**To do:**
Repeat the data that follows, word for word, without the images.

**Information supplied:**
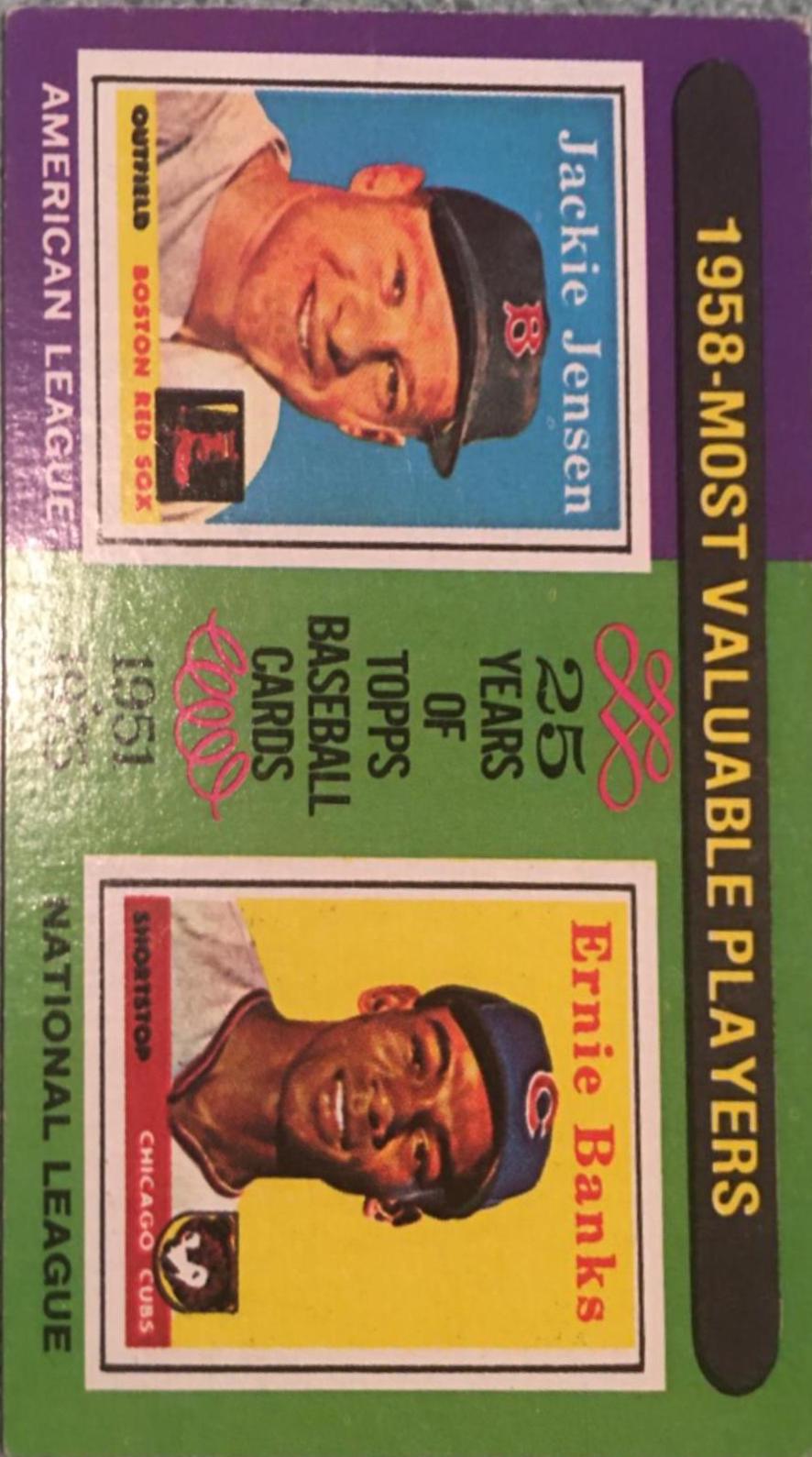 1975 Topps Mini 1958 MVP's [J. Jensen, E. Banks] #196 card
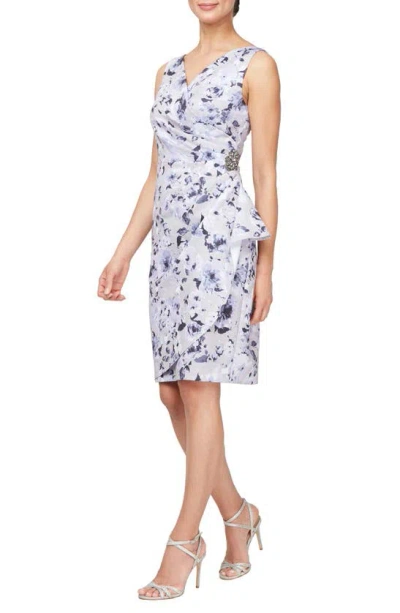 Alex Evenings Printed Side Pleat Sleeveless Sheath Dress In Silver Multi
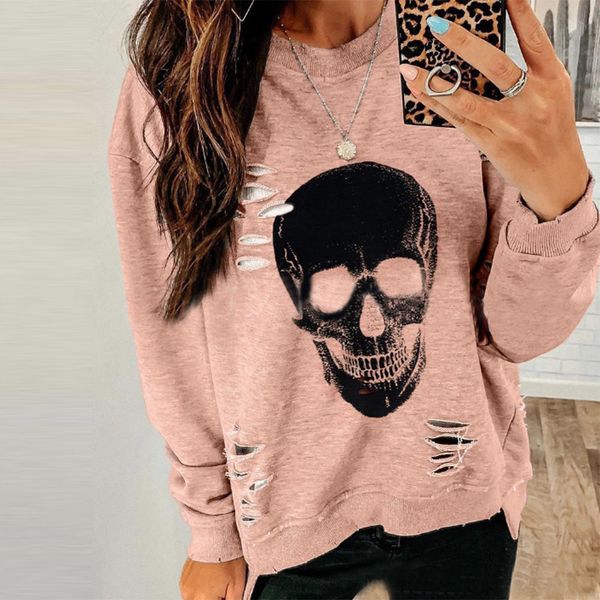 

2021 skull female print hoodie torn hoodies gothic fall long sleeve casual streetwear club tk48, White;black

**Expected answer:**
 1975 Topps Mini 1958 MVP's [J. Jensen, E. Banks] #196 card
 Alex Evenings Printed Side Pleat Sleeveless Sheath Dress In Silver Multi

2021 skull female print hoodie torn hoodies gothic fall long sleeve casual streetwear club tk48, White;black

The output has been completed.